The information in this dataset is important since it gives us a great insight into American infrastructure. This question is important because it can tell us if we are neglecting utilities’ response for those in rural areas.
There are 1534 rows in our dataset and 57 columns. We used a subset of those columns to answer our question.
These columns are: YEAR, MONTH, U.S._STATE, OUTAGE.START.DATE, OUTAGE.START.TIME, OUTAGE.RESTORATION.DATE, OUTAGE.RESTORATION.TIME, OUTAGE.DURATION, POPULATION, POPPCT_URBAN, POPDEN_URBA’, POPDEN_RURAL.

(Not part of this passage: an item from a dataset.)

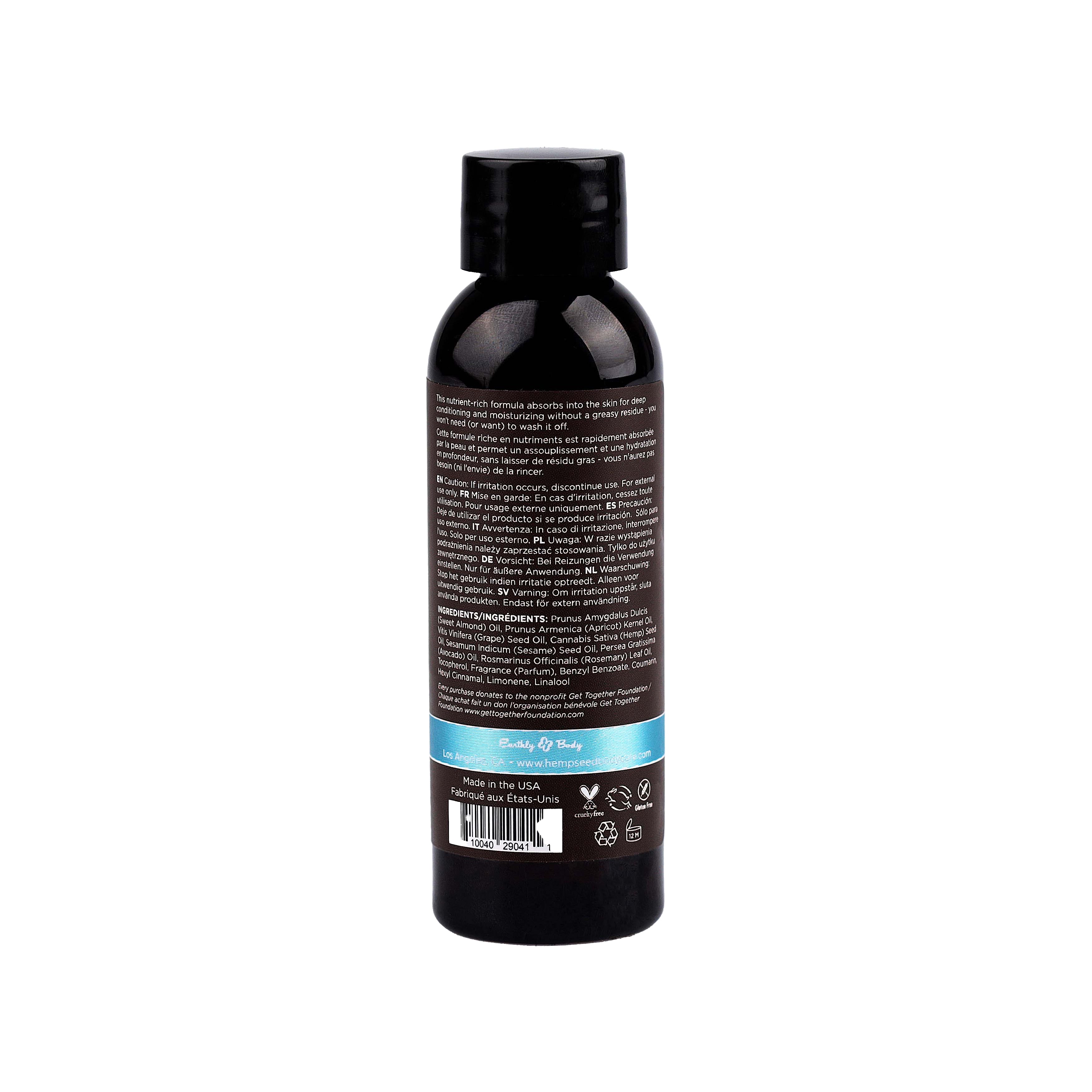 Earthly Body Massage & Body Oil - 2 Oz Sunsational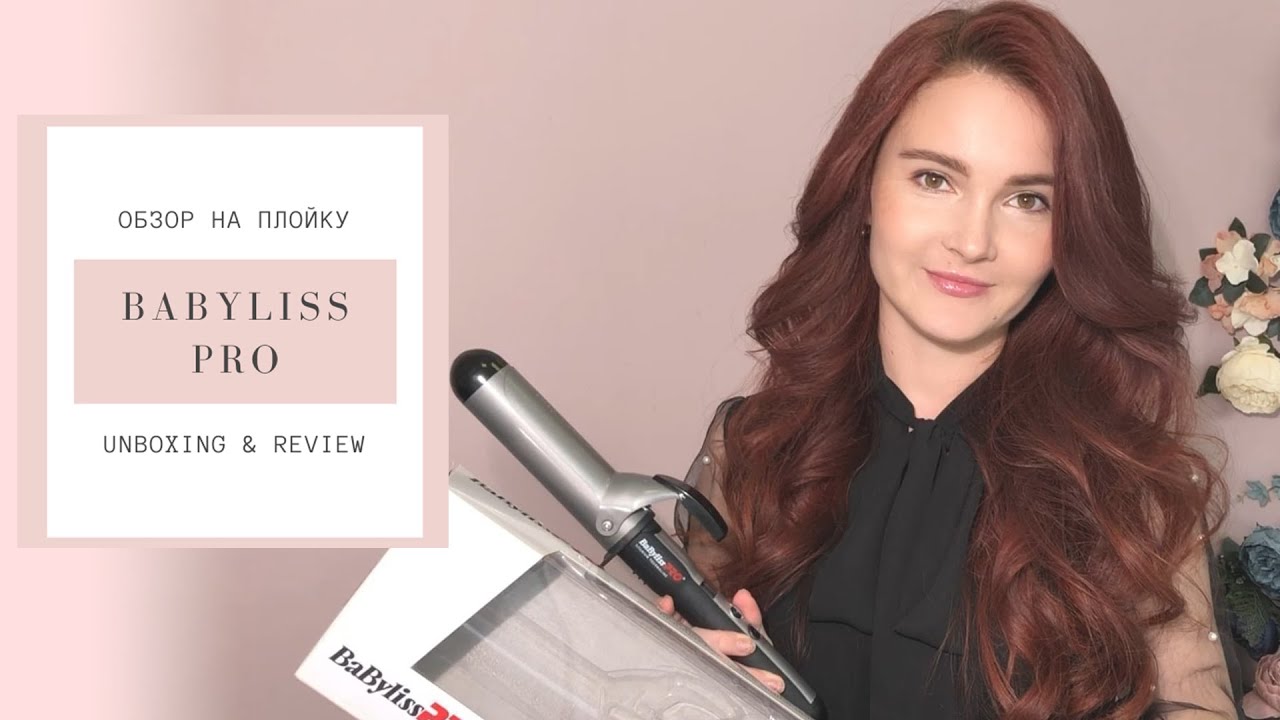 ПЛОЙКА ДЛЯ КРУПНЫХ ЛОКОНОВ (распаковка Babyliss PRO 38 мм)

- YEAR: This is the year that the power outage took place
- MONTH: The month the outage took place
- U.S. State: This is the state (contintental) took place
- START.DATE: This is the date that the outage took place
- START.TIME: This is the time that the power outage began
- RESTORATION.DATE: This is the date that the power was turned back on and the outage ended
- RESTORATION.TIME: This is the time in the day that the power was turned back on
- DURATION: This is the time, represented as minutes, that the power outage lasted
- POPULATION: This is the population of the U.S. state that the power outage was located in.
- POPPCT_URBAN: The percentage of residents in that state that are URBAN. The inverse of this statistic is the amount of people that are rural.
- POPDEN_URBAN: The density of those living within urban areas.
- POPDEN_RURAL: The density of those living within rural areas.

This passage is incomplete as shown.